--- Records for the task ---

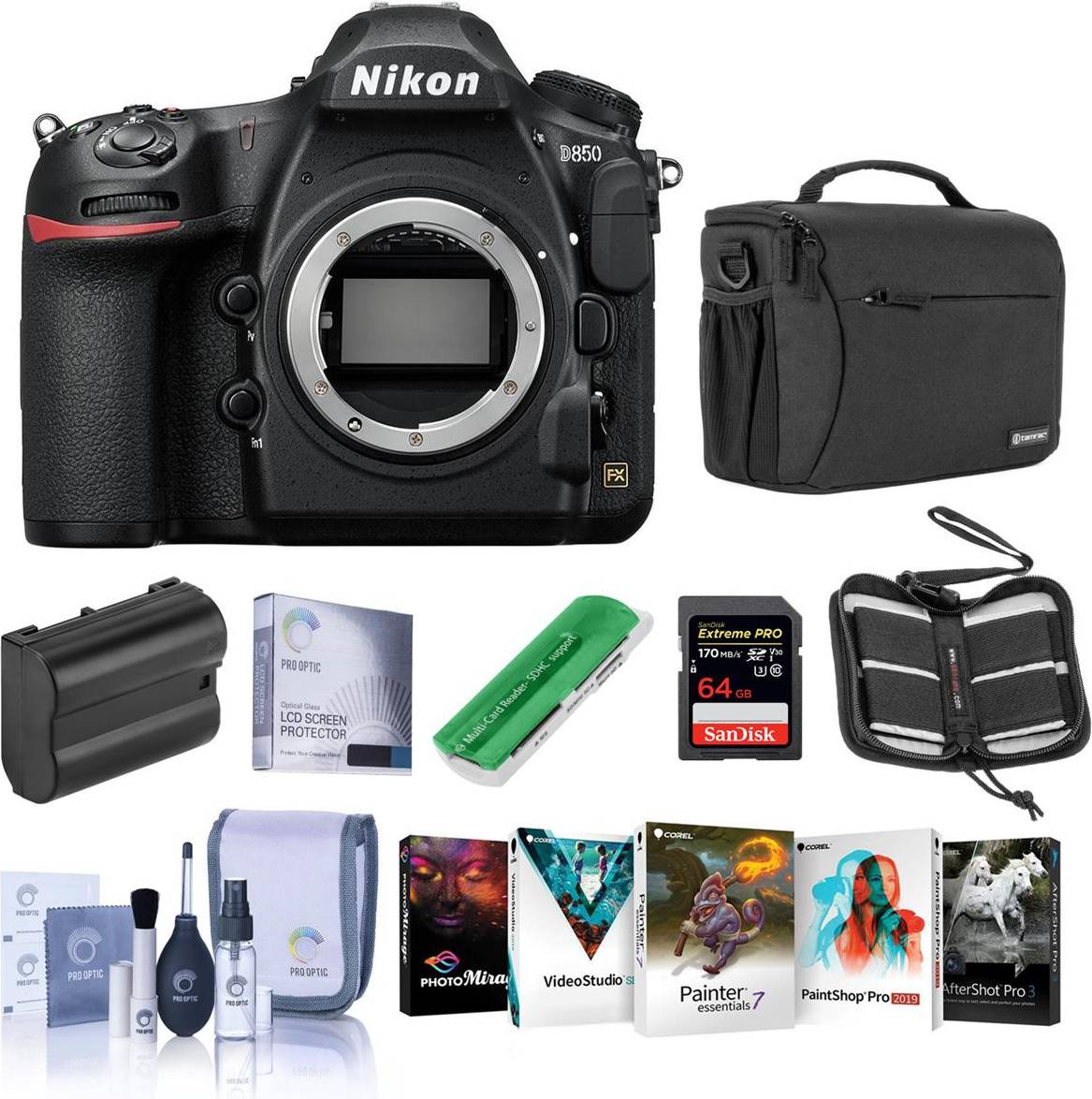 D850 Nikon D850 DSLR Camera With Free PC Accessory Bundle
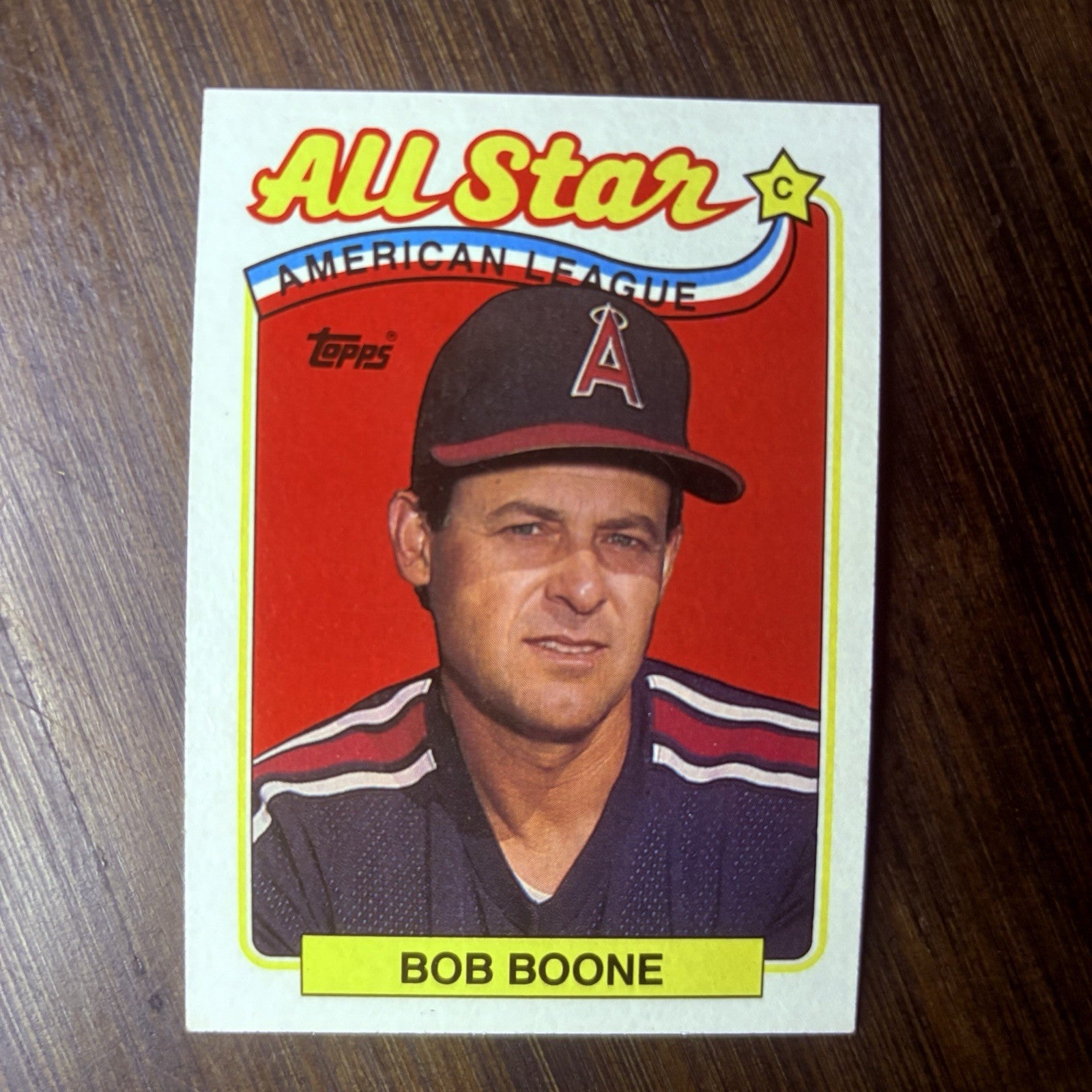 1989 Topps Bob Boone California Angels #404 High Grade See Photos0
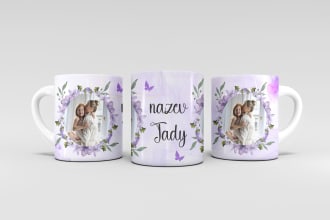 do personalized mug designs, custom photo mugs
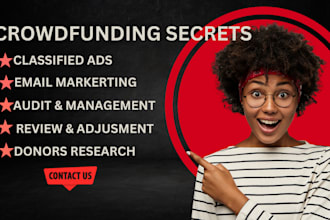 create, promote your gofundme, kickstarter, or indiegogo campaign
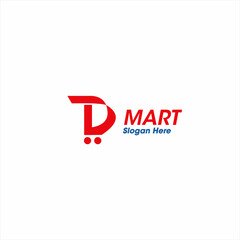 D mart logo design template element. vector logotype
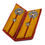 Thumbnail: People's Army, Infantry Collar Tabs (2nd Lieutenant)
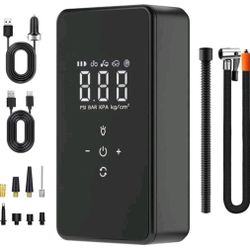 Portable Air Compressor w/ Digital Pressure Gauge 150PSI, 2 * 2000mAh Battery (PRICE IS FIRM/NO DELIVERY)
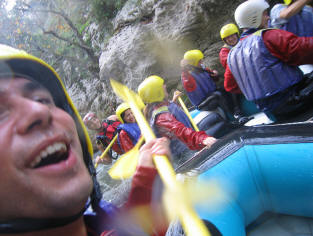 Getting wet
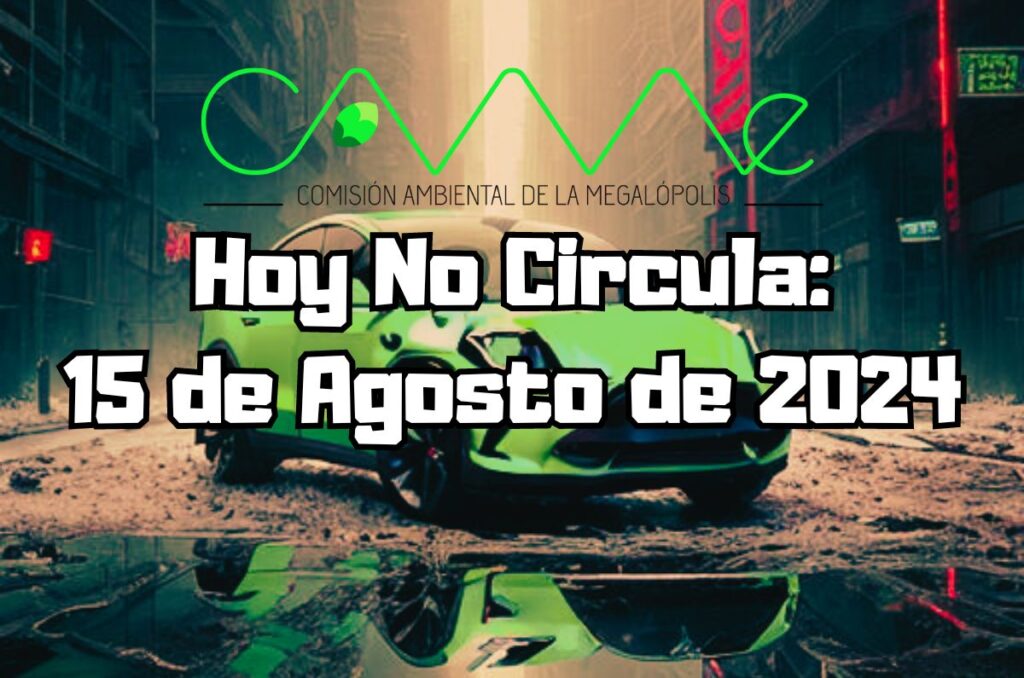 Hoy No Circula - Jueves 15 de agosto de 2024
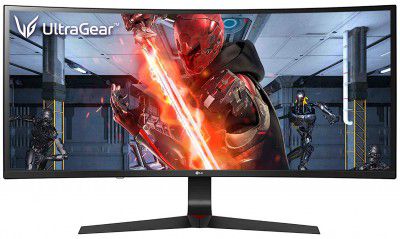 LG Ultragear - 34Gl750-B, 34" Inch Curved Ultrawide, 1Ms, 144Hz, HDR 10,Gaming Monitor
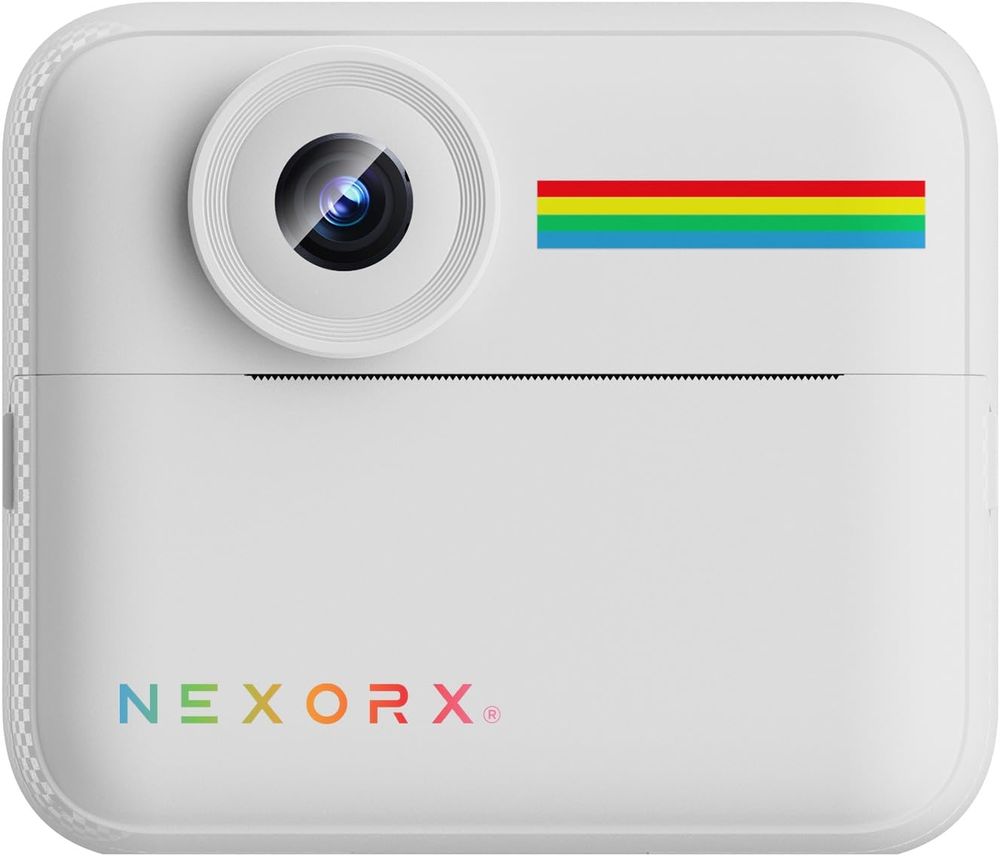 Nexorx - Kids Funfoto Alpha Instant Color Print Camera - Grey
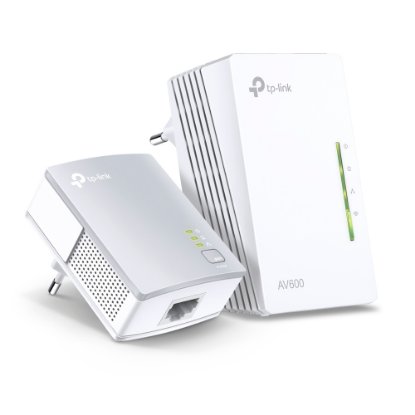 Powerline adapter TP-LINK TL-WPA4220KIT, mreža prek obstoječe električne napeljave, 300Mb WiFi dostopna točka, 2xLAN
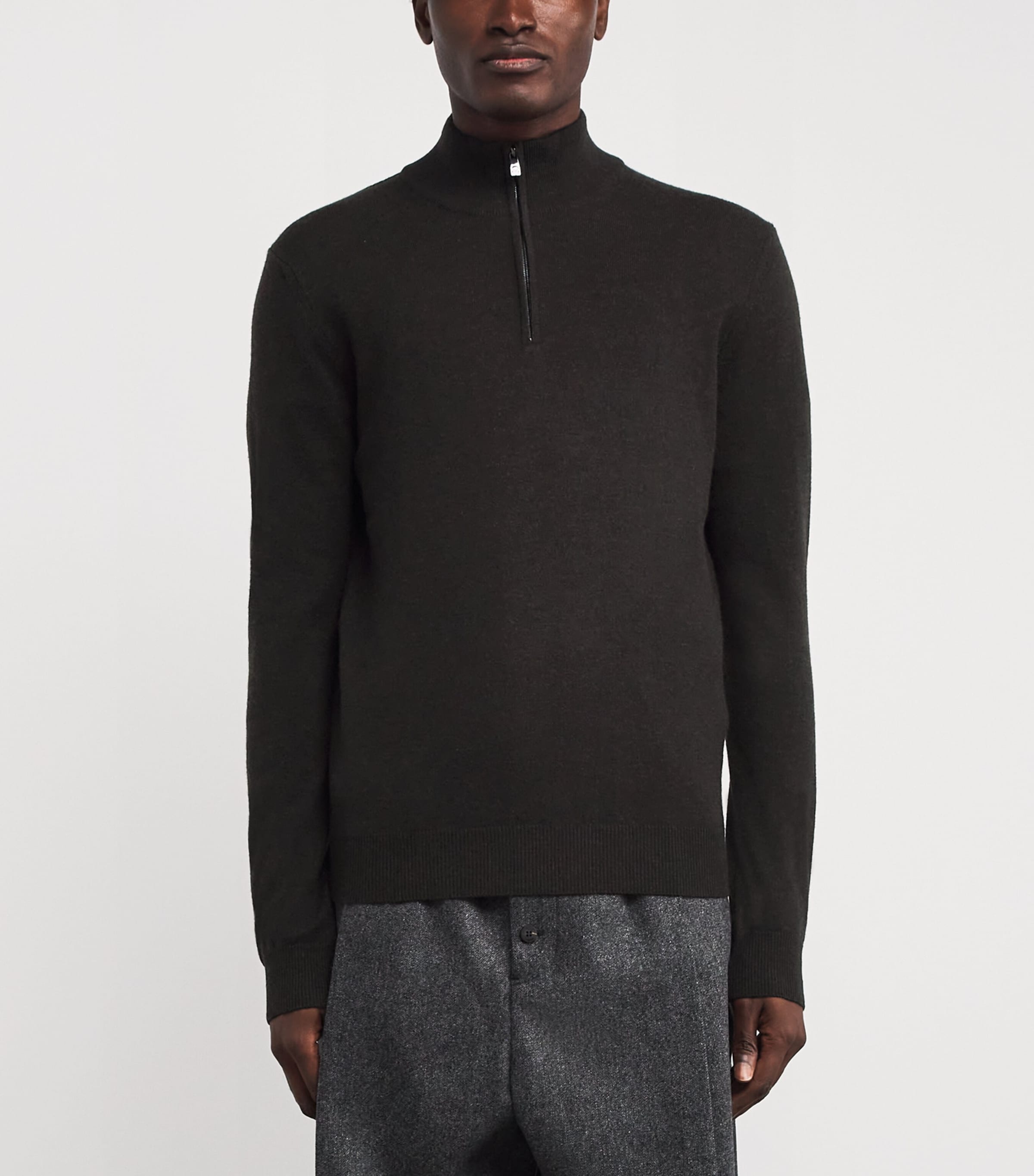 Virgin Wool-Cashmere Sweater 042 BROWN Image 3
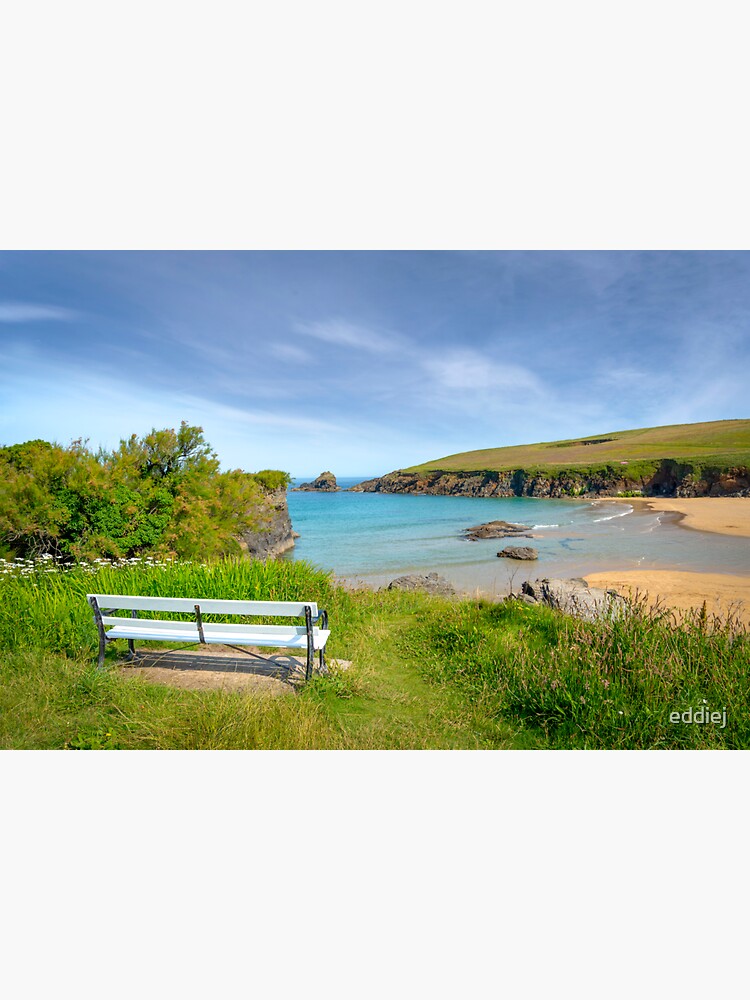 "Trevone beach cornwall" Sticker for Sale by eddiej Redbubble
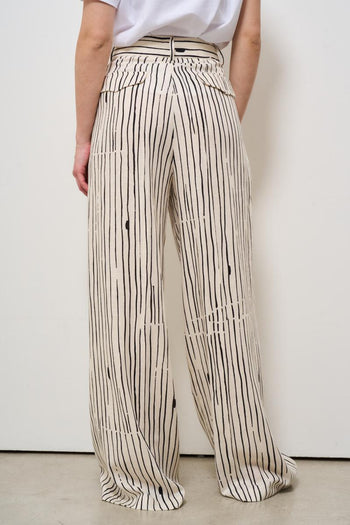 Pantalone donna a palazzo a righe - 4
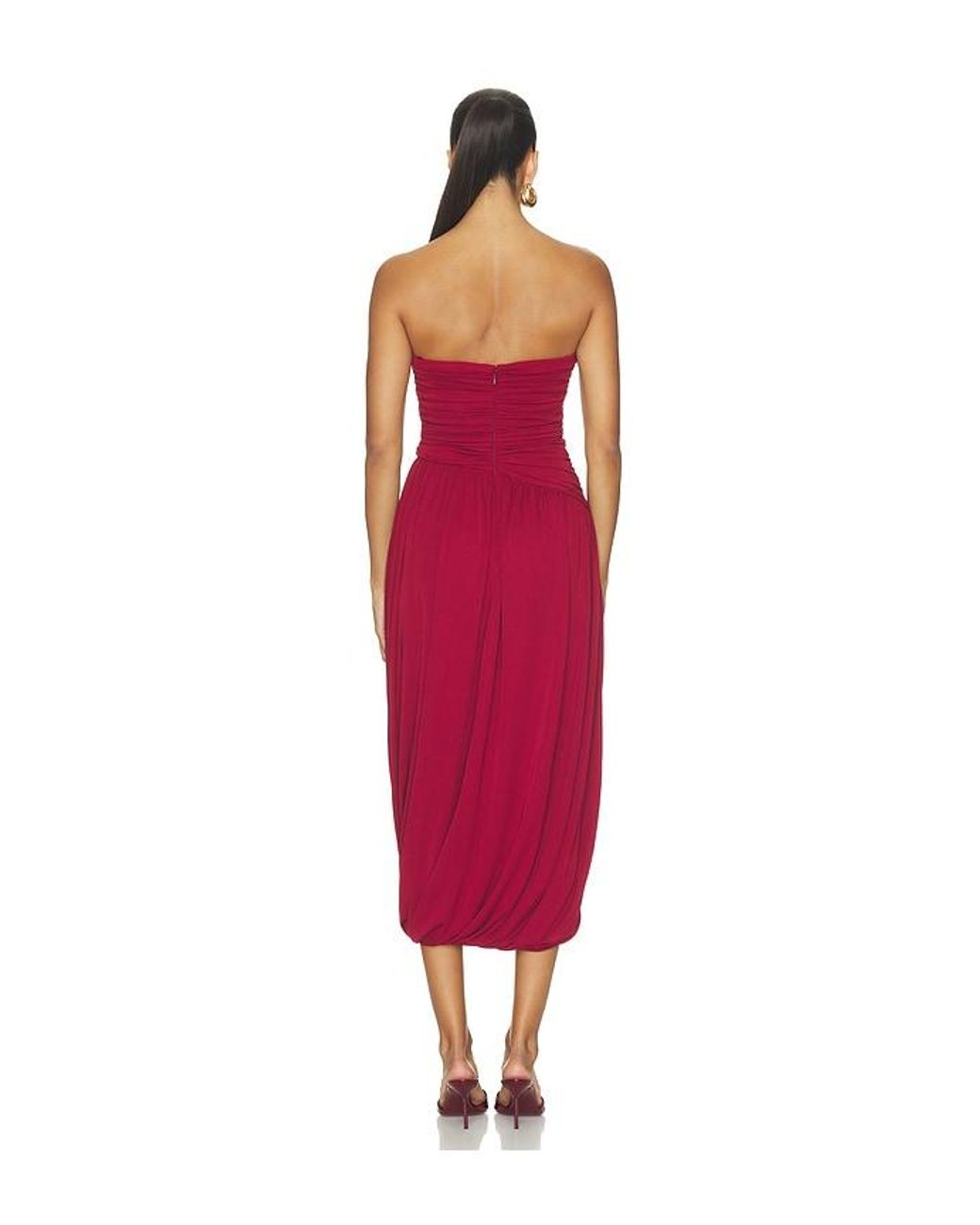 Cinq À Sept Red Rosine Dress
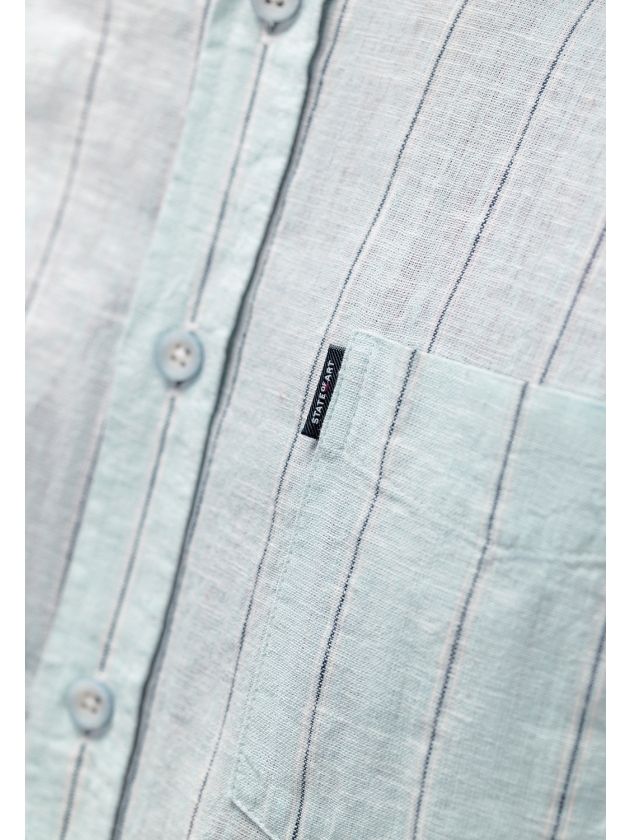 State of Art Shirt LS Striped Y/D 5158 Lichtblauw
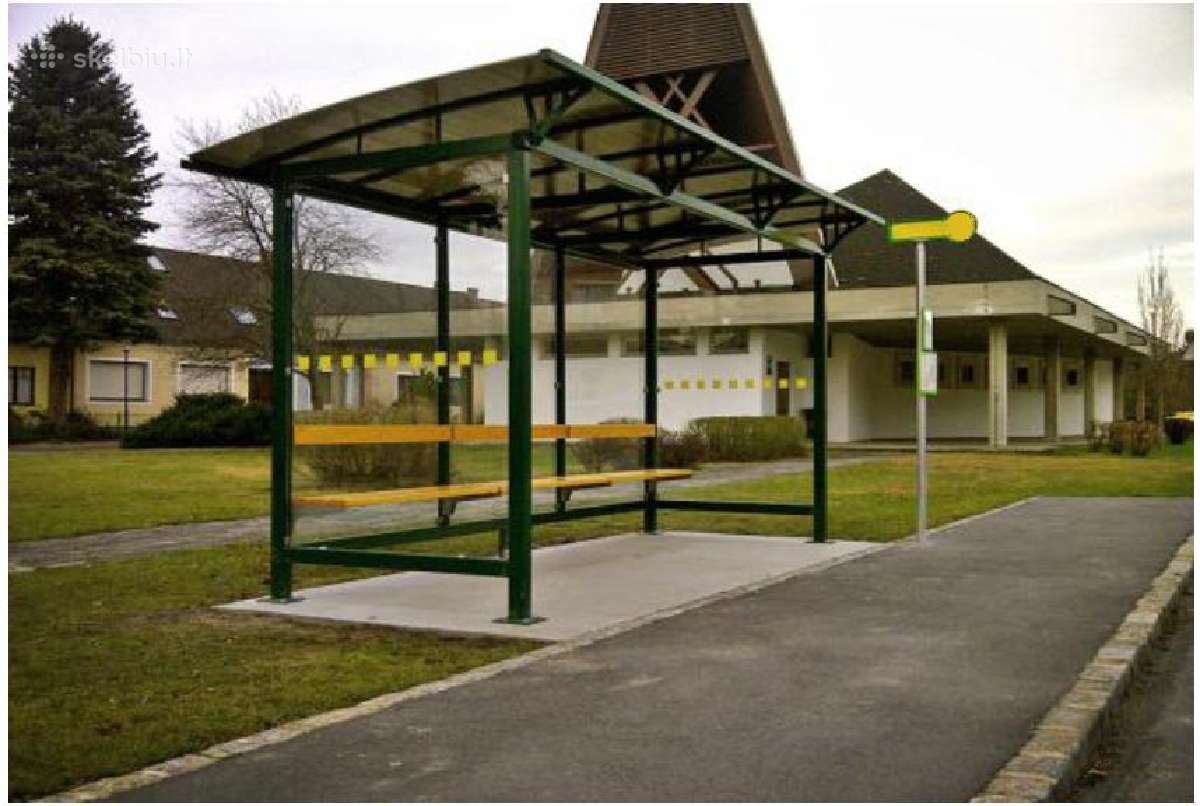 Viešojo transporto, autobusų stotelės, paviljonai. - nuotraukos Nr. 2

---

▶ [What you need to do]: This calls for an exact copy of all the entries above, with the pictures omitted.

▶ [Result for this exercise]:
 D850 Nikon D850 DSLR Camera With Free PC Accessory Bundle
 1989 Topps Bob Boone California Angels #404 High Grade See Photos0
 do personalized mug designs, custom photo mugs
 create, promote your gofundme, kickstarter, or indiegogo campaign
 D mart logo design template element. vector logotype
 Thumbnail: People's Army, Infantry Collar Tabs (2nd Lieutenant)
 Portable Air Compressor w/ Digital Pressure Gauge 150PSI, 2 * 2000mAh Battery (PRICE IS FIRM/NO DELIVERY)
 Getting wet
 Hoy No Circula - Jueves 15 de agosto de 2024
 LG Ultragear - 34Gl750-B, 34" Inch Curved Ultrawide, 1Ms, 144Hz, HDR 10,Gaming Monitor
 Nexorx - Kids Funfoto Alpha Instant Color Print Camera - Grey
 Powerline adapter TP-LINK TL-WPA4220KIT, mreža prek obstoječe električne napeljave, 300Mb WiFi dostopna točka, 2xLAN
 Virgin Wool-Cashmere Sweater 042 BROWN Image 3
 "Trevone beach cornwall" Sticker for Sale by eddiej Redbubble
 Pantalone donna a palazzo a righe - 4
 Cinq À Sept Red Rosine Dress
 State of Art Shirt LS Striped Y/D 5158 Lichtblauw
 Viešojo transporto, autobusų stotelės, paviljonai. - nuotraukos Nr. 2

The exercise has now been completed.